When writing this essay I could find no reference to the pursuit of the appeal in this matter, permission for which was, perhaps unsurprisingly, granted on 2nd August 2016. However I have spoken with the solicitor representing one of the parties who has confirmed that this is now listed in the Supreme Court for 11th and 12th October 2017 and that a resolution before that hearing is probably unlikely.

So in all likelihood we will benefit from this doctrine being traversed by the Supreme Court who could: treat it akin to the way they treated the rule in Hastings Bass with a substantial rein-back, endorse the court of appeal’s expansion; or even expand it yet further by, for example, deciding that where there is ‘some’ difficulty in calculation of loss in these types of cases the claimant would get the right to elect.

In any event I am sure that we would all agree that an increase in the certainty of application of the doctrine would be of benefit for all concerned since One Step has done little to reduce it. What ‘justice requires’ being ‘quintessentially’ a matter for each judge is an admirable position but one which frequently creates commercially unacceptable imponderables in the real world.

The last point that is worth mentioning here is the effect of this expansion on applications for interim injunctions.

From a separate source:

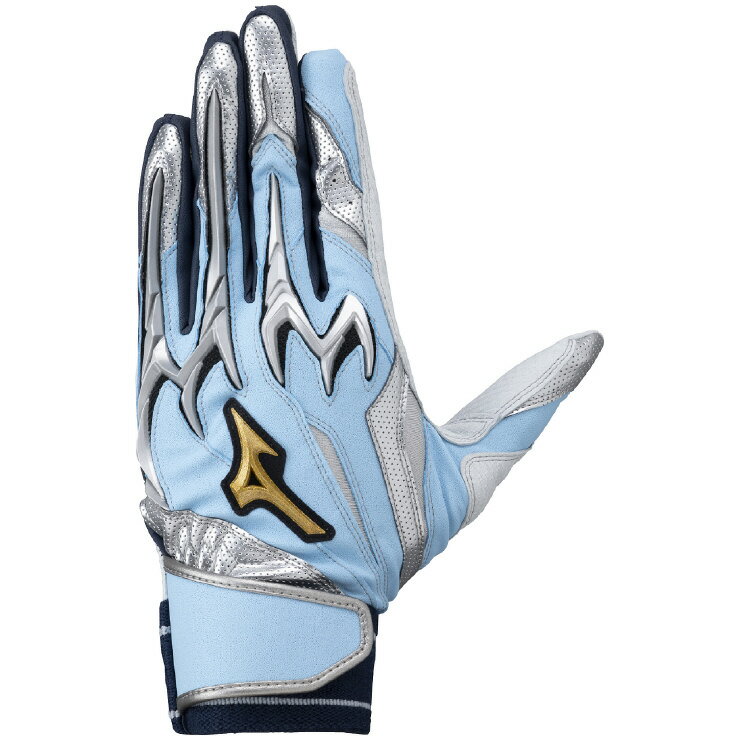 ミズノ (MIZUNO) 一般野球 バッティンググローブ 打撃用手袋 ミズノプロ シリコンパワーアークDI 両手用 (25ss) スカイブルー×シルバー×ネイビー 1EJEA550-21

What of the position whereby an application for interim relief is predicated upon a (seemingly common) plea that the measure of loss would be impossible, or at least very difficult, to calculate? Does the express removal in One Step of any need for an ‘impossibility’ of calculation mean that such applications will now be defeated by the possibility of such relief at trial? At the moment it seems that the answer is probably ‘no’ for three reasons:

  1. Christopher Clarke LJ sought to head this off in his judgment at paragraph 133; but with reasoning that is not at all easy to follow. He stressed the importance of focusing (presumably in an application for an interim injunction) upon whether ‘ordinary damages’ would be an adequate remedy but has not stated any support for such regard at an interim stage nor any reasoning as to why, for example, Wrotham Park relief should be ignored as a final remedy even if the applicant has already included it in their draft statement of case.
  2. It seems that having regard to the expressly recognised possibility that this would potentially compensate a claimant in a greater amount than if they were required to prove their loss, it may be tactically unwise, or even negligent, to place undue reliance upon such a ground of relief at an interim stage.
  3. The level of uncertainty that shrouds the application of a ‘just’ result will likely require a forensic examination of the totality of the evidence such that at an interim stage a court would be reluctant to accede to a submission that because such relief may be available at trial this necessarily militates against the granting of an interim injunction.